Suggested Activities for Chapter 18

  1. Break the class into small groups. Assign each group a public figure who needs to repair their credibility. You may want to consider Bill Clinton, Tiger Woods, James Frey, Eliot Spitzer, Mark Sanford, Chris Brown, Jesse James, or Lindsay Lohan. Each group will develop and present to the class a plan for how their figure can rehabilitate their credibility.
  2. Give students articles from newspapers, Web sites, or magazines that contain arguments. Instruct the class to look for very good, well-supported arguments and for fallacious, poorly supported arguments. Choose some students to come forward and share an argument and their analysis of it.
  3. Break the class into nine small groups.
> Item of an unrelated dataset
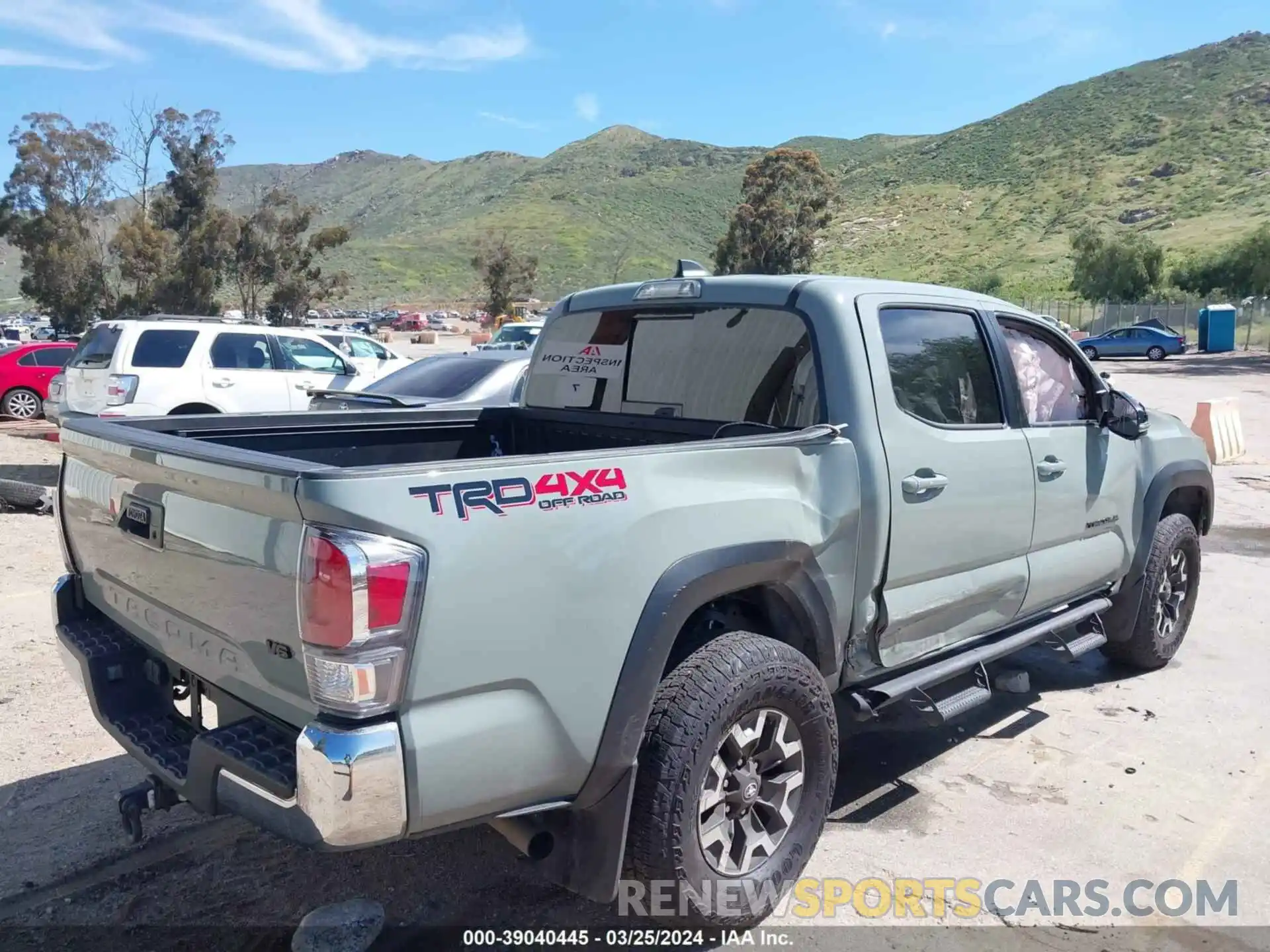 4 Photograph of a damaged car 3TMCZ5AN1PM569165 TOYOTA TACOMA 2023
Assign each group a fallacy: hasty generalization, post hoc fallacy, reversed causality, ad populum (bandwagon) fallacy, ad hominem (personal attack) fallacy, straw person fallacy, slippery slope fallacy, false dilemma, and appeal to tradition. Give the groups five minutes to come up with as many examples of their fallacy as possible. Instruct them to try to remember as many real-life examples as they can (but they can invent some as needed). Have each group share their favorite three with the class. Have the class vote on the most and least ethical.
  4. Break the class into three small groups and instruct them to read Anna Martinez’s speech. Assign to each group the subject of ethos, logos, or pathos. Each group must identify and evaluate places where the speaker is addressing the group’s assigned rhetorical area. Reconvene the class and have the groups share their findings.
  5. As a class, outline two persuasive speeches on the same controversial topic of your choice. One speech should be focused on persuading through logos, and one should be focused on persuading through pathos. When complete, discuss the pros and cons of each approach. Then craft a third speech using the best strategies from each original speech.